Goal of the exercise:
Reproduce the data in full, exactly as it appears.

─── Source data ───

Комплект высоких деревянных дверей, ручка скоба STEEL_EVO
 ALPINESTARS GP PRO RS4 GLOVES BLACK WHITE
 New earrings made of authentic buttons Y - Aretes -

───

Task response:
Комплект высоких деревянных дверей, ручка скоба STEEL_EVO
 ALPINESTARS GP PRO RS4 GLOVES BLACK WHITE
 New earrings made of authentic buttons Y - Aretes -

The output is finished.